Oh, smeg. NaNoWriMo is kicking my cotton-clad hindparts. 2000 words a day isn’t too bad if one keeps up, but flake a few days on account of relentless partying and tiens! how it creeps up! I need to write 5000 words by tonight, and it’s nearly 4PM.

On the bright side, by relentlessly churning out articles I’ve learned a lot. Adipositivity, for one thing, is very interesting; so is uncanny valley, Disneyland’s accommodation for autistic and gluten-free patrons (quite impressive, incidentally) and the health risks of pasteurised milk. And I’ll stand a bar of choccie for whoever can link those topics via Wikipedia articles in 50 steps or less.

My dear mama remains at large in England. Apart from a brief phone call shortly after her arrival I have not heard a peep, which leads me to conclude she misses me tremendously and is afraid to hear my sweet dulcet tones, lest they open the floodgates and cause her to come over all peculiar in the Bird and Baby. But today I got a pleasing card in the mail, indicating that she is still a) alive, b) kicking and c) having the jolliest of larks. Of course, that was a week ago now. She could be at the bottom of the Seine as I type. But we will dwell on cheerier matters. For instance: what is the funniest book you’ve ever read?

I’m torn on this myself. The Hitch-Hiker’s Guide to the Galaxy would probably be the obvious pick, or 1066 And All That. But then I found Professor Branestawn high-larious as a youngster, and the Jennings books likewise - and while I don’t find them as funny now, I’m not sure HG2G and 1066 made my older self laugh as heartily as my younger self did with the aforementioned. But that could, of course, be due to my gradual shrivelling into a Scrooge-like, cynical shell of a woman.

On a related note, I am not a fan of Terry Pratchett.
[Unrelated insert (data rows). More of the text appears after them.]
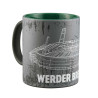 SV Werder Bremen Tasse - Softtouch - grau/grün Kaffetasse | Becher
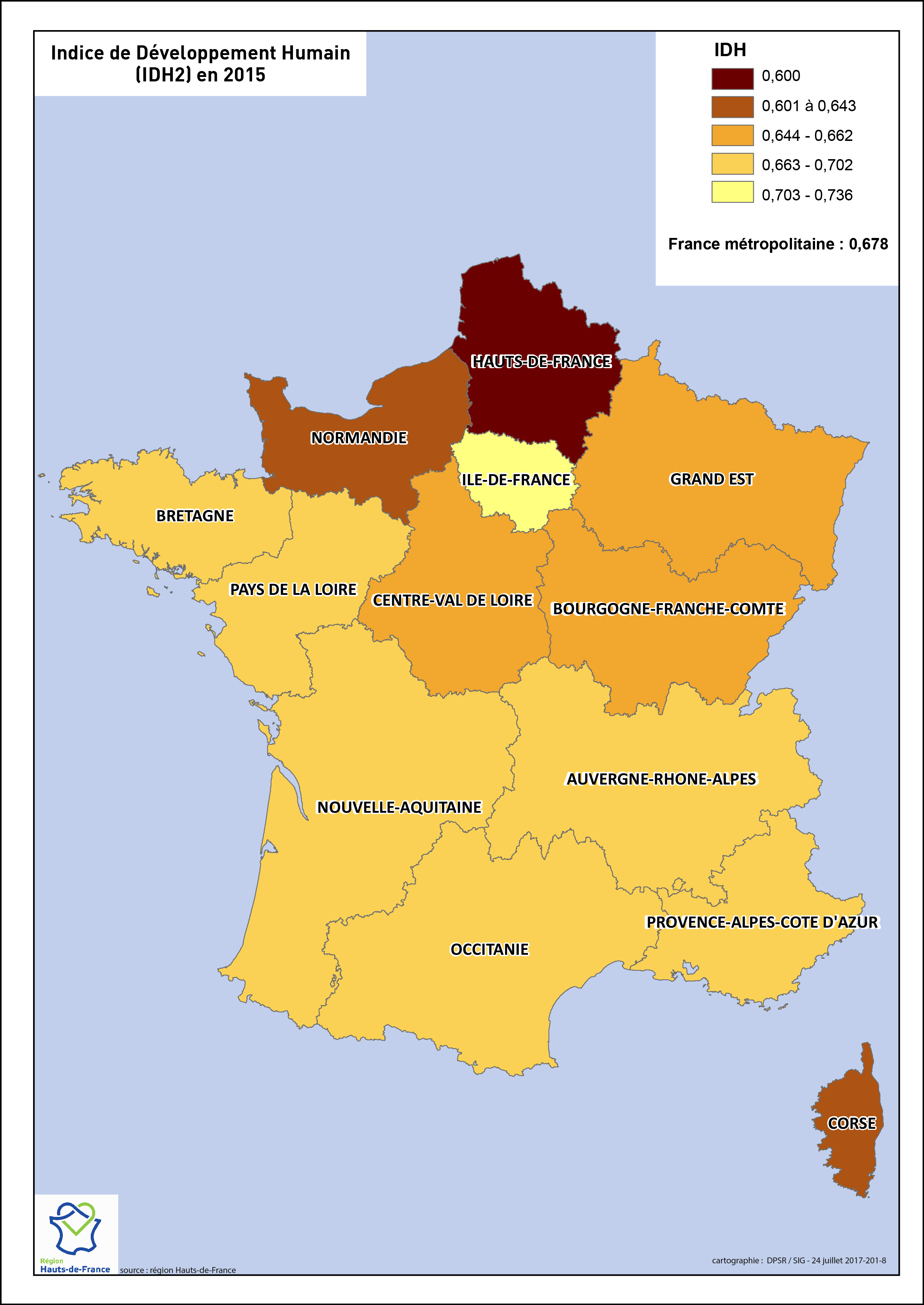 Indice de Développement Humain (IDH2) en 2015 | Cartothèque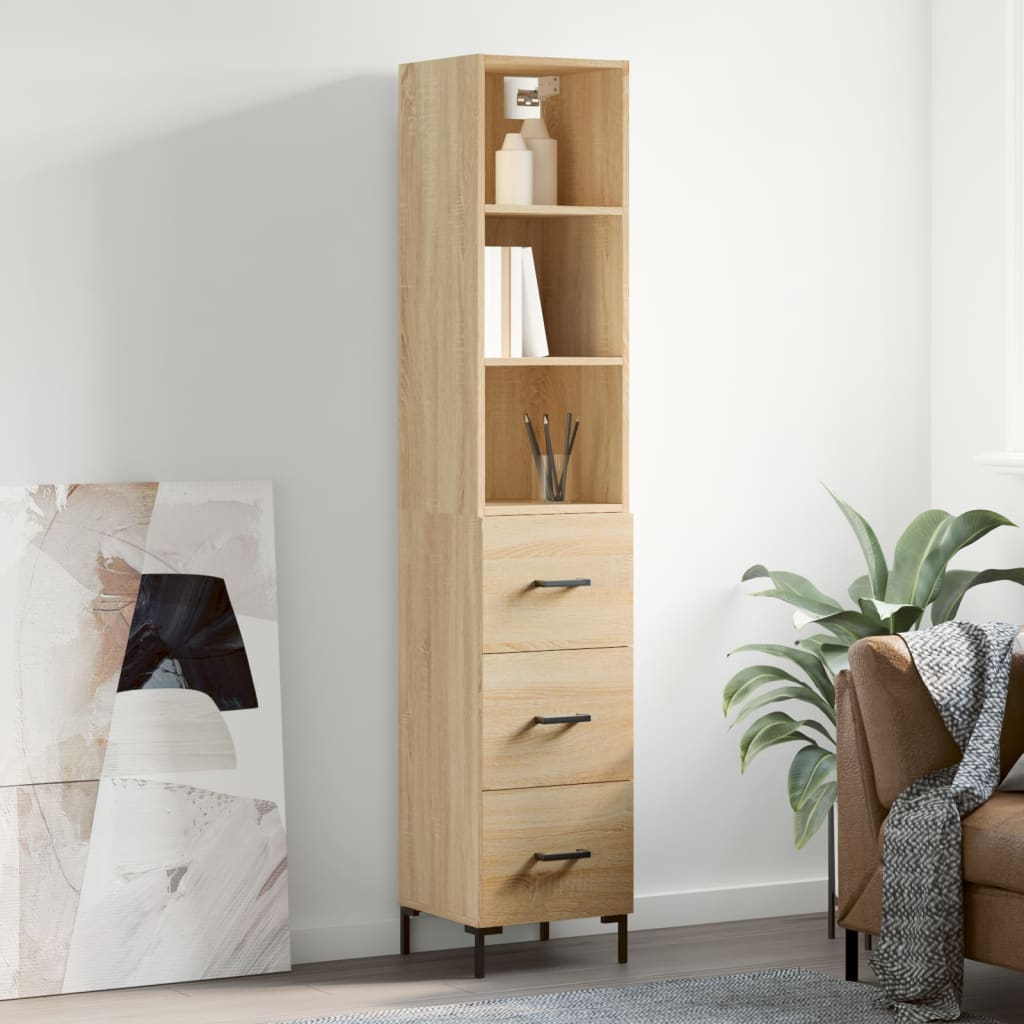 vidaXL Highboard Sonoma Oak 34.5x34x180 cm Engineered Wood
His parodies are laboured and overly in-jokey, making it very difficult to dive into a series without having already read several previous books (which is obviously unacceptable on the grounds of creating a universe-ripping time and causality paradox). I’ve read a half-dozen or so of his novels and tried gamely to find them funny, but… nope. Nothing. It’s like waiting for a sneeze that doesn’t come. PG Wodehouse on the other hand is corking, but doesn’t come into the running because I find his books witty rather than funny. What is the difference, I wonder? Some kind of viscerality to the humour, a response reached by the head rather than the gut? A “Heh!’ rather than a “Haw!”? A certain distancing from the humour, appreciating it rather than letting it sock you unawares? Three years, $12000 and a BA and we never covered this. Tsk.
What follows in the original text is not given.